Introduces a new free parameter in the NJL model and studies its impact on strange quark star structure, aligning theoretical models with recent observational data.

Findings

Larger alpha and smaller B lead to heavier, stiffer stars.

The heaviest star model agrees with recent mass and radius observations.
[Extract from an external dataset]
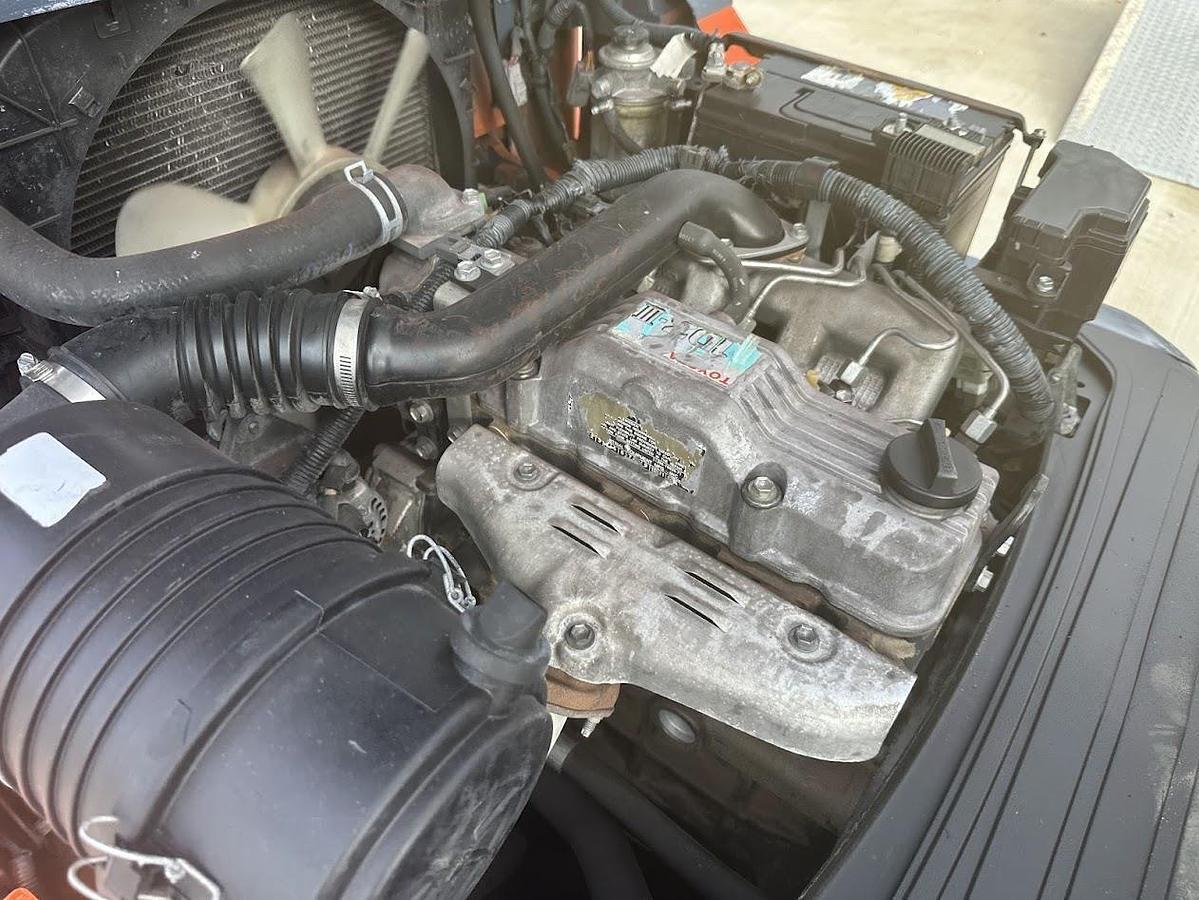 Used 2013 TOYOTA 8FD35U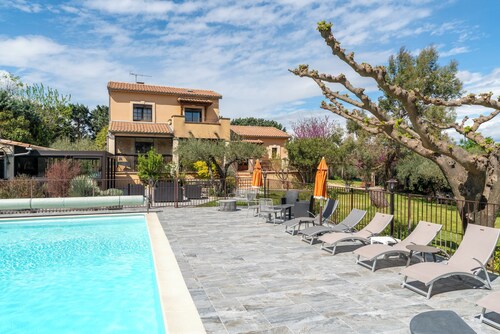 3-Star Vacation Villa and Vineyard in the South of France with a Pool.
Model satisfies constraints from GW170817 tidal deformability.

Abstract

In this work we use the equation of state (EOS) of (2+1)-flavor Nambu-Jona-Lasinio (NJL) model to study the structure of the strange quark star. With a new free parameter $\alpha$, the Lagrangian is constructed by two parts, the original NJL Lagrangian and the Fierz transformation of it, as $\mathcal{L}=(1-\alpha)\mathcal{L}_{NJL}+\alpha\mathcal{L}_{Fierz}$. To determine the range of $\alpha$, we compare the binding energies in the 2-flavor and (2+1)-flavor cases. We also consider the constraints of chemical equilibrium and electric charge neutrality in the strange quark star and choose six representative EOSs with different $\alpha$ and $B$ (bag constant) to study their influence on the structure of the strange quark star. As a result, we find that a larger $\alpha$ and a smaller $B$ corresponds to a heavier star with a stiffer EOS. Furthermore, the heaviest strange quark star is in agreement with not only the recent mass observation of PSR J0740+6620 and the X-ray observations on radius measurements, but also the constraint on tidal deformability of GW170817.